◆ **Exercise instructions**
Nothing outside the range is wanted. Repeat exactly the lines below from the one with "Safari Luxe Handmade" through the one with "Sequin Short-Sleeve Cropped".

[Material supplied — start]

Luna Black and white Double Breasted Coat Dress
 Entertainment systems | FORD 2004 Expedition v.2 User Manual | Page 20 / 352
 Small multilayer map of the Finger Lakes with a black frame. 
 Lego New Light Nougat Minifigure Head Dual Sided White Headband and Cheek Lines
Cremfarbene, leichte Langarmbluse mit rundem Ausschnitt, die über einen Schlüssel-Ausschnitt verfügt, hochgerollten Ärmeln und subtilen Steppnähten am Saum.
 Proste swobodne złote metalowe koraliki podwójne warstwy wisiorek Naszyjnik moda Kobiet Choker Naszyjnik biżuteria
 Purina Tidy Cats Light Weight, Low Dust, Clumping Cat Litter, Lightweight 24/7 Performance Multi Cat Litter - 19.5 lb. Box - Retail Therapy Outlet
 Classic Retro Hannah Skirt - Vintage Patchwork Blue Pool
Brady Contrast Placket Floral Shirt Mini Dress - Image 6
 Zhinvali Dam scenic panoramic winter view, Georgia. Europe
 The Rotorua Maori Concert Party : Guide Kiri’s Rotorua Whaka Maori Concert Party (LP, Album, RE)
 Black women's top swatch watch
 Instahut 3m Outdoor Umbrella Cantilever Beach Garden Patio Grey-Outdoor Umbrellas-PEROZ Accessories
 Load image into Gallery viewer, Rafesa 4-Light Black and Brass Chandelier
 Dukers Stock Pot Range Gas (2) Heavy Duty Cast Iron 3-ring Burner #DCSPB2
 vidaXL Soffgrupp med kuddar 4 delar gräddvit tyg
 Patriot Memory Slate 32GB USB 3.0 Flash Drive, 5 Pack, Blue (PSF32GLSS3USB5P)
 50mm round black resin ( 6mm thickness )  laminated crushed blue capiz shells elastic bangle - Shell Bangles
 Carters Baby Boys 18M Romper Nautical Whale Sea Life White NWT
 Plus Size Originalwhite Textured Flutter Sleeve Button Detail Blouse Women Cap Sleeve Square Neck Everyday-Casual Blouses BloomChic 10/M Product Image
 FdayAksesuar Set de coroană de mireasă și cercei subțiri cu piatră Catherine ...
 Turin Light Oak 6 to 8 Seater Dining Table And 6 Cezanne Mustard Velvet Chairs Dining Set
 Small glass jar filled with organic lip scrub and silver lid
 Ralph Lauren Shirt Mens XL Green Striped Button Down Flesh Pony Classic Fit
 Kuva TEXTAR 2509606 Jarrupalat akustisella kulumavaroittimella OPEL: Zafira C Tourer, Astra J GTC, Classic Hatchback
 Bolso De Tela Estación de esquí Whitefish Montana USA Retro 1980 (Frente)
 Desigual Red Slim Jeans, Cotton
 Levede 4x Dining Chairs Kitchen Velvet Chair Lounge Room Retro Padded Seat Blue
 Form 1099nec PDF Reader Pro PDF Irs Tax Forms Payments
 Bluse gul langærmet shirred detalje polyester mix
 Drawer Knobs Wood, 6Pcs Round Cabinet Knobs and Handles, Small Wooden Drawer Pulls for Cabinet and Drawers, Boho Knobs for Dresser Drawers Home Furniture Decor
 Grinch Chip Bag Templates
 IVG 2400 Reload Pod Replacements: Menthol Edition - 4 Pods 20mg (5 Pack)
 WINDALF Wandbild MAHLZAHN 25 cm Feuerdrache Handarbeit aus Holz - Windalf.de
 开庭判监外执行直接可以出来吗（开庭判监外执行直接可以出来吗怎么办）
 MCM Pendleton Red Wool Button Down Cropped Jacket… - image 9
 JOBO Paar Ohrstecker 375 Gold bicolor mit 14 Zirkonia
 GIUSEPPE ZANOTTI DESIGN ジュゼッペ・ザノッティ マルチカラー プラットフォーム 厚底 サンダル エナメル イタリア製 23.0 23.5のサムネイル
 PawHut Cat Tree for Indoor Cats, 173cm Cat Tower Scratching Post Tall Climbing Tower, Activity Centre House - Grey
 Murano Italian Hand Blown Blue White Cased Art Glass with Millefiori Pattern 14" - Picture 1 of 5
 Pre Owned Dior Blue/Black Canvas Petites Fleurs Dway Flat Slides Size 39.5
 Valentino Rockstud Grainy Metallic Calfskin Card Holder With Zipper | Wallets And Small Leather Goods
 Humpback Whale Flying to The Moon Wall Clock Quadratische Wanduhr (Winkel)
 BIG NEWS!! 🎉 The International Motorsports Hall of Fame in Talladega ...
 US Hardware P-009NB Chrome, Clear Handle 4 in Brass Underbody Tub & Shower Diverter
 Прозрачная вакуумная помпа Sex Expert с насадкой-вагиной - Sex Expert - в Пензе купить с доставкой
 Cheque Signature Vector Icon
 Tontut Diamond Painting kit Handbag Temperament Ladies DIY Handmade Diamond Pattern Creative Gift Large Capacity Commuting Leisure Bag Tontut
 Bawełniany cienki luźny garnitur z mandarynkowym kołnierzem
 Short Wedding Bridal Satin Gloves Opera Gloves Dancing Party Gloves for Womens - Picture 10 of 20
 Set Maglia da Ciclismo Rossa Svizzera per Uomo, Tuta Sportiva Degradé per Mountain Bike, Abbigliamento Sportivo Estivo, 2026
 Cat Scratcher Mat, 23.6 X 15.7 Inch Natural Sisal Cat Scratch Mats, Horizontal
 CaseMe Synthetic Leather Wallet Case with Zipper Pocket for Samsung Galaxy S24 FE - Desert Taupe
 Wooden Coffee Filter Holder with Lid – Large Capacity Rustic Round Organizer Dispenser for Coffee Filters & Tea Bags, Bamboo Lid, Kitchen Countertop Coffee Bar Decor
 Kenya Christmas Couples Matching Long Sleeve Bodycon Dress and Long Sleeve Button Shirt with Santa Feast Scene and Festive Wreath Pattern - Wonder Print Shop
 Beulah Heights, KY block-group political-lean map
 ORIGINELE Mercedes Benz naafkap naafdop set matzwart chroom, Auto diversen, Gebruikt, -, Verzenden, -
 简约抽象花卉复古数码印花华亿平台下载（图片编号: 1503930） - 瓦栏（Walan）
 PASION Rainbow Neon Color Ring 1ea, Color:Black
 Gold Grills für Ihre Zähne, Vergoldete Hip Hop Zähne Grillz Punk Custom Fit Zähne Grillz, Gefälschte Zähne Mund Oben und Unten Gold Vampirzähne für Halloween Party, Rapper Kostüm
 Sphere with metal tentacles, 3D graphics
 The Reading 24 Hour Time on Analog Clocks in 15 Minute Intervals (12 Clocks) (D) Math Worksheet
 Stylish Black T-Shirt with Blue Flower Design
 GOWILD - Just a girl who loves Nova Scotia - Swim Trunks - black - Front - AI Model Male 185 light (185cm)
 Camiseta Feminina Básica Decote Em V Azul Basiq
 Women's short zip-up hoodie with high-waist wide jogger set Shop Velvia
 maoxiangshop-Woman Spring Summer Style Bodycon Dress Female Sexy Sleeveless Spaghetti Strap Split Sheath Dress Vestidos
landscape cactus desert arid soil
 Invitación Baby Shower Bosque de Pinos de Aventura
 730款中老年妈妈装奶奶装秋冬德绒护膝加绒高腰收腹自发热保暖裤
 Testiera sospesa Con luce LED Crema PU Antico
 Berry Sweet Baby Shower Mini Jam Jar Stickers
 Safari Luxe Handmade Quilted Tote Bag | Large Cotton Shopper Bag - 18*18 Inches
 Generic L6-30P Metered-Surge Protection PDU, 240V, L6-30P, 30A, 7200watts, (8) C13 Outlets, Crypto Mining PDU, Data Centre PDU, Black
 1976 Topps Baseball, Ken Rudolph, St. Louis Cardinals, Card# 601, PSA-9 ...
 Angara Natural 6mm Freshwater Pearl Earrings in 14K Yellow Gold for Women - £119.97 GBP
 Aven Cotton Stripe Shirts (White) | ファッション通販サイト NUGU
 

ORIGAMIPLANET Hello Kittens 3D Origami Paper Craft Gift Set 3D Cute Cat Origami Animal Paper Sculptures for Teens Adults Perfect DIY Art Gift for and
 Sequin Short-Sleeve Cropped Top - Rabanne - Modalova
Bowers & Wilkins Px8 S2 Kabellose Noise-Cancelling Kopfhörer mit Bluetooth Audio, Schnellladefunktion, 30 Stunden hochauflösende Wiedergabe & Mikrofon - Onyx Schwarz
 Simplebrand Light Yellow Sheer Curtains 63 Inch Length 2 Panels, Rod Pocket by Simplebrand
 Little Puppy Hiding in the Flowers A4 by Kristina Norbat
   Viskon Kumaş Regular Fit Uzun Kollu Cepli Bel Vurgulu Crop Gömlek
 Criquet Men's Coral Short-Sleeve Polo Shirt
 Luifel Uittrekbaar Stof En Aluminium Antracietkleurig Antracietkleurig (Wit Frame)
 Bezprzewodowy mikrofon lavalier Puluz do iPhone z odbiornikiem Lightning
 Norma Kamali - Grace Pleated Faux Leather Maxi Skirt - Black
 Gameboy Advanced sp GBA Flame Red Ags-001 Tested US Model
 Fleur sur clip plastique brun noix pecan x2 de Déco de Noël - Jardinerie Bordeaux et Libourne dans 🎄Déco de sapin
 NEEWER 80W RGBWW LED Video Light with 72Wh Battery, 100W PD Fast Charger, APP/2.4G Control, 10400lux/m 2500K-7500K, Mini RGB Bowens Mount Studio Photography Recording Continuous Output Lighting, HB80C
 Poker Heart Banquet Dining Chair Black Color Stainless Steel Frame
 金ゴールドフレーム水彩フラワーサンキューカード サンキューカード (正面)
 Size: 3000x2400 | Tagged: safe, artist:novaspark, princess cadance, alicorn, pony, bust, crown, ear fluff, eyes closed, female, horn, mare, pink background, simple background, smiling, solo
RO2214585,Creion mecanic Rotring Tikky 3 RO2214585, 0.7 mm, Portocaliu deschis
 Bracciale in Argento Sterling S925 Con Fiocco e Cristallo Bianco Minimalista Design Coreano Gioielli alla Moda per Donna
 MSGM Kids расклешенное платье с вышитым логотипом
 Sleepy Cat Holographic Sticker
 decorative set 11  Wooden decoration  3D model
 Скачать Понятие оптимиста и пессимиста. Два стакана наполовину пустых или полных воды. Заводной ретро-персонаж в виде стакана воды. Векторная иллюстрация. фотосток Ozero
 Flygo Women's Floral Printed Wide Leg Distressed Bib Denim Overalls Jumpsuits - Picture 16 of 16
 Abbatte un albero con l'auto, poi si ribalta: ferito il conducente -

[Material supplied — finish]

◆ **Response for this exercise**
 Safari Luxe Handmade Quilted Tote Bag | Large Cotton Shopper Bag - 18*18 Inches
 Generic L6-30P Metered-Surge Protection PDU, 240V, L6-30P, 30A, 7200watts, (8) C13 Outlets, Crypto Mining PDU, Data Centre PDU, Black
 1976 Topps Baseball, Ken Rudolph, St. Louis Cardinals, Card# 601, PSA-9 ...
 Angara Natural 6mm Freshwater Pearl Earrings in 14K Yellow Gold for Women - £119.97 GBP
 Aven Cotton Stripe Shirts (White) | ファッション通販サイト NUGU
 

ORIGAMIPLANET Hello Kittens 3D Origami Paper Craft Gift Set 3D Cute Cat Origami Animal Paper Sculptures for Teens Adults Perfect DIY Art Gift for and
 Sequin Short-Sleeve Cropped Top - Rabanne - Modalova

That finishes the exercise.